Action item:
Print out the records precisely, keeping each line identical to its source.

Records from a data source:
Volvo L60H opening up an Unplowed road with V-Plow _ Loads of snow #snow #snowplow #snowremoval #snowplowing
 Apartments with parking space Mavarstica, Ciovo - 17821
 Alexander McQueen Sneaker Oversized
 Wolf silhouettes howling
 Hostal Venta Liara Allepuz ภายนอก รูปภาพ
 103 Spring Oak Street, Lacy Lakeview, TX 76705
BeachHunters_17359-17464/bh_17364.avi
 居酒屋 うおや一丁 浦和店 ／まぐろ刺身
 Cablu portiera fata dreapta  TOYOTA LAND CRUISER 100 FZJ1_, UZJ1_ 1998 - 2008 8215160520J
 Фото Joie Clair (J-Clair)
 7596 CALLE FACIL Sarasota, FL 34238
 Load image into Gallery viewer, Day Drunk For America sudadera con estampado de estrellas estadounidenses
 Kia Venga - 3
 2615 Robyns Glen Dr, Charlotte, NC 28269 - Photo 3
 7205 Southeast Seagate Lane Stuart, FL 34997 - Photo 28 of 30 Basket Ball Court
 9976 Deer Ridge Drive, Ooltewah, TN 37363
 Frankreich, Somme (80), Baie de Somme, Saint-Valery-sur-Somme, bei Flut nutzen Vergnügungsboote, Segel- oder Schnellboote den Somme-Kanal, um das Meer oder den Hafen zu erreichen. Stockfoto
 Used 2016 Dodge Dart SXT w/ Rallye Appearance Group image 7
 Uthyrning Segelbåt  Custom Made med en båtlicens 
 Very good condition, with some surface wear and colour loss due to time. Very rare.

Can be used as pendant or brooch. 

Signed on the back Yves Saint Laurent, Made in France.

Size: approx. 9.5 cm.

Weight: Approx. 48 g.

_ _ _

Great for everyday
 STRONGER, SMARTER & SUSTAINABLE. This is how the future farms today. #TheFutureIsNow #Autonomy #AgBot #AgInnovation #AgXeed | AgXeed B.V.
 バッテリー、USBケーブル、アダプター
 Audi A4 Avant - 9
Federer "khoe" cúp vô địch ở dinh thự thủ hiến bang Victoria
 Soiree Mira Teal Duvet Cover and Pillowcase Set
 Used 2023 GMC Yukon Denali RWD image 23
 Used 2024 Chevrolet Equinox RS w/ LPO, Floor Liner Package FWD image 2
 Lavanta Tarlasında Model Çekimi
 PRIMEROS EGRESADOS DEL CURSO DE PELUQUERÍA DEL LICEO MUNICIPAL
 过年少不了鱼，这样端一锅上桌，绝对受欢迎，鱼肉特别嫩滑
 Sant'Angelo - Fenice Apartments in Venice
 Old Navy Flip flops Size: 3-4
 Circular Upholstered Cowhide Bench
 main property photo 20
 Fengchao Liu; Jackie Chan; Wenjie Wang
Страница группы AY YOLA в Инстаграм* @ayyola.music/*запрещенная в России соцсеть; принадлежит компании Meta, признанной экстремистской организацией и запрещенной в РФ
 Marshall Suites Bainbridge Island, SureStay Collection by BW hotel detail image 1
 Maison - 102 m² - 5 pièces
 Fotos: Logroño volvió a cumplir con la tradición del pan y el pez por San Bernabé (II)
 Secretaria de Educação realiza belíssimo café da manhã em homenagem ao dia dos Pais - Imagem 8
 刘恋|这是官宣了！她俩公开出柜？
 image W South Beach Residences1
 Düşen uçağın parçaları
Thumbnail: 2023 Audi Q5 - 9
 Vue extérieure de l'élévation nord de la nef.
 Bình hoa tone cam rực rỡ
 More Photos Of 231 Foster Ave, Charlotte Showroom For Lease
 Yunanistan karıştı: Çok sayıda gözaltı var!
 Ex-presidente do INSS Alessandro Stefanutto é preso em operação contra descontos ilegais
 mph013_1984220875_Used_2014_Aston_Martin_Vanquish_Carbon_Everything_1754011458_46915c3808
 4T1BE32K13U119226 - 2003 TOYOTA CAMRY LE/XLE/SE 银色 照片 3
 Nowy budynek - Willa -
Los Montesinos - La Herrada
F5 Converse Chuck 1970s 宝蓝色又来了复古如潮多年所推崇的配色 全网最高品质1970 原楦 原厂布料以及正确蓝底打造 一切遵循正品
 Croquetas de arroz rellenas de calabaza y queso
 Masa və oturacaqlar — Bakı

Solution:
Volvo L60H opening up an Unplowed road with V-Plow _ Loads of snow #snow #snowplow #snowremoval #snowplowing
 Apartments with parking space Mavarstica, Ciovo - 17821
 Alexander McQueen Sneaker Oversized
 Wolf silhouettes howling
 Hostal Venta Liara Allepuz ภายนอก รูปภาพ
 103 Spring Oak Street, Lacy Lakeview, TX 76705
BeachHunters_17359-17464/bh_17364.avi
 居酒屋 うおや一丁 浦和店 ／まぐろ刺身
 Cablu portiera fata dreapta  TOYOTA LAND CRUISER 100 FZJ1_, UZJ1_ 1998 - 2008 8215160520J
 Фото Joie Clair (J-Clair)
 7596 CALLE FACIL Sarasota, FL 34238
 Load image into Gallery viewer, Day Drunk For America sudadera con estampado de estrellas estadounidenses
 Kia Venga - 3
 2615 Robyns Glen Dr, Charlotte, NC 28269 - Photo 3
 7205 Southeast Seagate Lane Stuart, FL 34997 - Photo 28 of 30 Basket Ball Court
 9976 Deer Ridge Drive, Ooltewah, TN 37363
 Frankreich, Somme (80), Baie de Somme, Saint-Valery-sur-Somme, bei Flut nutzen Vergnügungsboote, Segel- oder Schnellboote den Somme-Kanal, um das Meer oder den Hafen zu erreichen. Stockfoto
 Used 2016 Dodge Dart SXT w/ Rallye Appearance Group image 7
 Uthyrning Segelbåt  Custom Made med en båtlicens 
 Very good condition, with some surface wear and colour loss due to time. Very rare.

Can be used as pendant or brooch. 

Signed on the back Yves Saint Laurent, Made in France.

Size: approx. 9.5 cm.

Weight: Approx. 48 g.

_ _ _

Great for everyday
 STRONGER, SMARTER & SUSTAINABLE. This is how the future farms today. #TheFutureIsNow #Autonomy #AgBot #AgInnovation #AgXeed | AgXeed B.V.
 バッテリー、USBケーブル、アダプター
 Audi A4 Avant - 9
Federer "khoe" cúp vô địch ở dinh thự thủ hiến bang Victoria
 Soiree Mira Teal Duvet Cover and Pillowcase Set
 Used 2023 GMC Yukon Denali RWD image 23
 Used 2024 Chevrolet Equinox RS w/ LPO, Floor Liner Package FWD image 2
 Lavanta Tarlasında Model Çekimi
 PRIMEROS EGRESADOS DEL CURSO DE PELUQUERÍA DEL LICEO MUNICIPAL
 过年少不了鱼，这样端一锅上桌，绝对受欢迎，鱼肉特别嫩滑
 Sant'Angelo - Fenice Apartments in Venice
 Old Navy Flip flops Size: 3-4
 Circular Upholstered Cowhide Bench
 main property photo 20
 Fengchao Liu; Jackie Chan; Wenjie Wang
Страница группы AY YOLA в Инстаграм* @ayyola.music/*запрещенная в России соцсеть; принадлежит компании Meta, признанной экстремистской организацией и запрещенной в РФ
 Marshall Suites Bainbridge Island, SureStay Collection by BW hotel detail image 1
 Maison - 102 m² - 5 pièces
 Fotos: Logroño volvió a cumplir con la tradición del pan y el pez por San Bernabé (II)
 Secretaria de Educação realiza belíssimo café da manhã em homenagem ao dia dos Pais - Imagem 8
 刘恋|这是官宣了！她俩公开出柜？
 image W South Beach Residences1
 Düşen uçağın parçaları
Thumbnail: 2023 Audi Q5 - 9
 Vue extérieure de l'élévation nord de la nef.
 Bình hoa tone cam rực rỡ
 More Photos Of 231 Foster Ave, Charlotte Showroom For Lease
 Yunanistan karıştı: Çok sayıda gözaltı var!
 Ex-presidente do INSS Alessandro Stefanutto é preso em operação contra descontos ilegais
 mph013_1984220875_Used_2014_Aston_Martin_Vanquish_Carbon_Everything_1754011458_46915c3808
 4T1BE32K13U119226 - 2003 TOYOTA CAMRY LE/XLE/SE 银色 照片 3
 Nowy budynek - Willa -
Los Montesinos - La Herrada
F5 Converse Chuck 1970s 宝蓝色又来了复古如潮多年所推崇的配色 全网最高品质1970 原楦 原厂布料以及正确蓝底打造 一切遵循正品
 Croquetas de arroz rellenas de calabaza y queso
 Masa və oturacaqlar — Bakı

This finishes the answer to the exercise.